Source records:

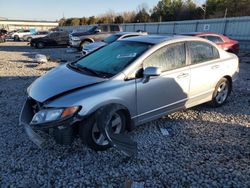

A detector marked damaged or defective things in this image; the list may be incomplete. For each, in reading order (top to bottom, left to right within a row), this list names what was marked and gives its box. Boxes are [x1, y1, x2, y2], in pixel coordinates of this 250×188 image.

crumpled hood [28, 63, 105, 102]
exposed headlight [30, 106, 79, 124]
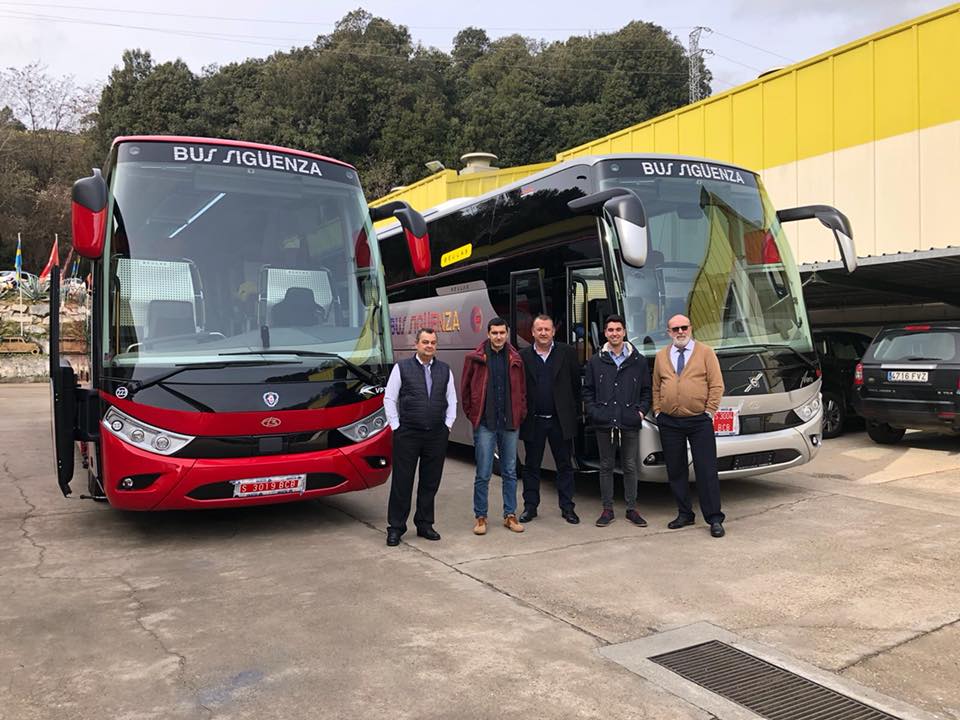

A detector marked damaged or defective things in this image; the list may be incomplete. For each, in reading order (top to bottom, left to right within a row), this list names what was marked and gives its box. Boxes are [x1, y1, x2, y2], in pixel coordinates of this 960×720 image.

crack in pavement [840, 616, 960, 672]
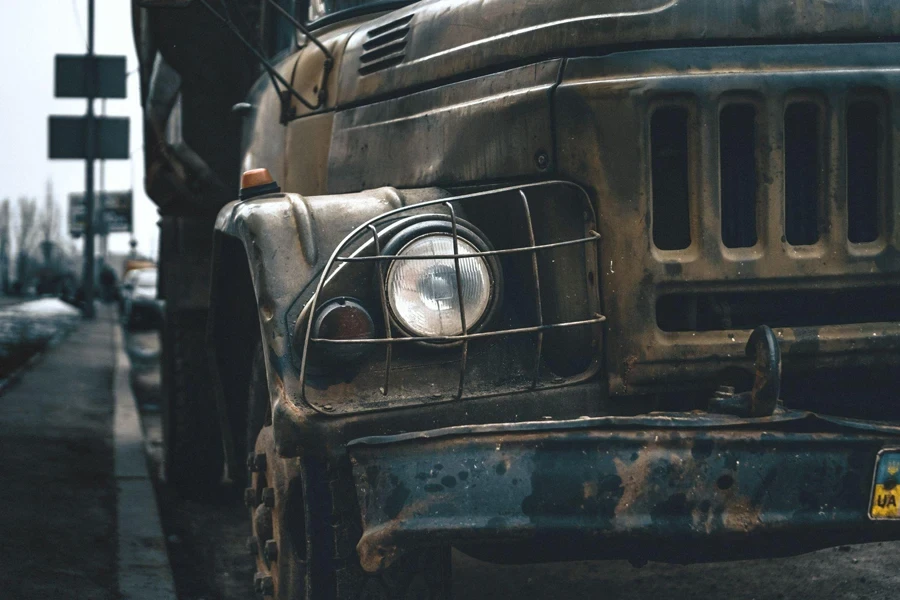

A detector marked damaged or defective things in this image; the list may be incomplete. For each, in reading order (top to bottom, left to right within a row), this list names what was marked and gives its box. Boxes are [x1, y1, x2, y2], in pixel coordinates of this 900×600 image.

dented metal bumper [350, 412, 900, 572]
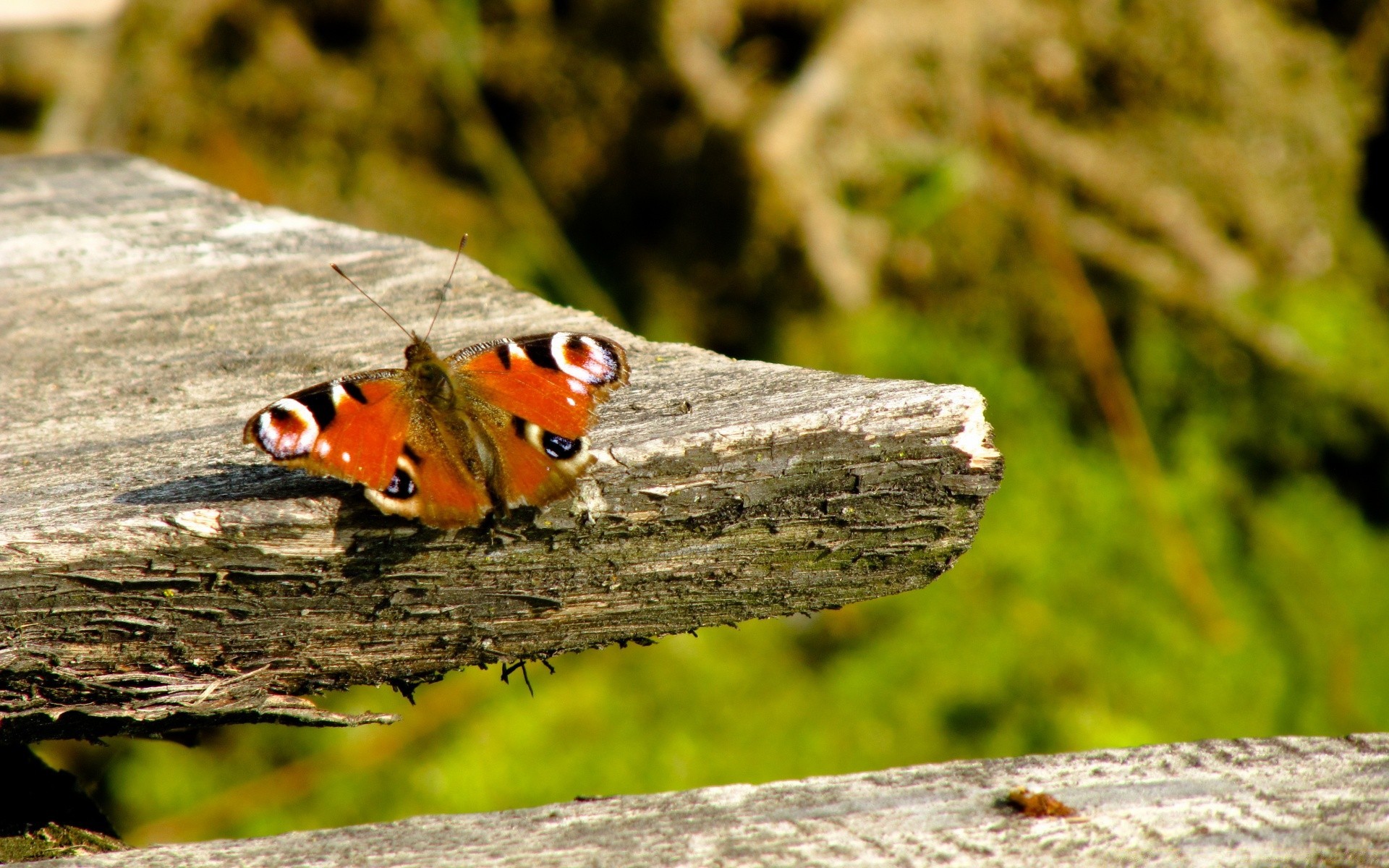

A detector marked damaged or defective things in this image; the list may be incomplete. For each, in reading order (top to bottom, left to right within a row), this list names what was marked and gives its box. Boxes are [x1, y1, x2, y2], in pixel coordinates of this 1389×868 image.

▶ **Work to complete**
Make an exact copy of only those lines that run from the line with "this 900×600 image." through the end of the records, excluding pictures.

▶ **Solution to this problem**
A detector marked damaged or defective things in this image; the list may be incomplete. For each, in reading order (top to bottom, left to right within a row), this list names what was marked and gives its box. Boxes are [x1, y1, x2, y2], in pixel coordinates of this 900×600 image.

dented metal bumper [350, 412, 900, 572]

A detector marked damaged or defective things in this image; the list may be incomplete. For each, in reading order (top to bottom, left to right within a row), this list names what was marked and gives its box. Boxes are [x1, y1, x2, y2], in pixel coordinates of this 1389×868 image.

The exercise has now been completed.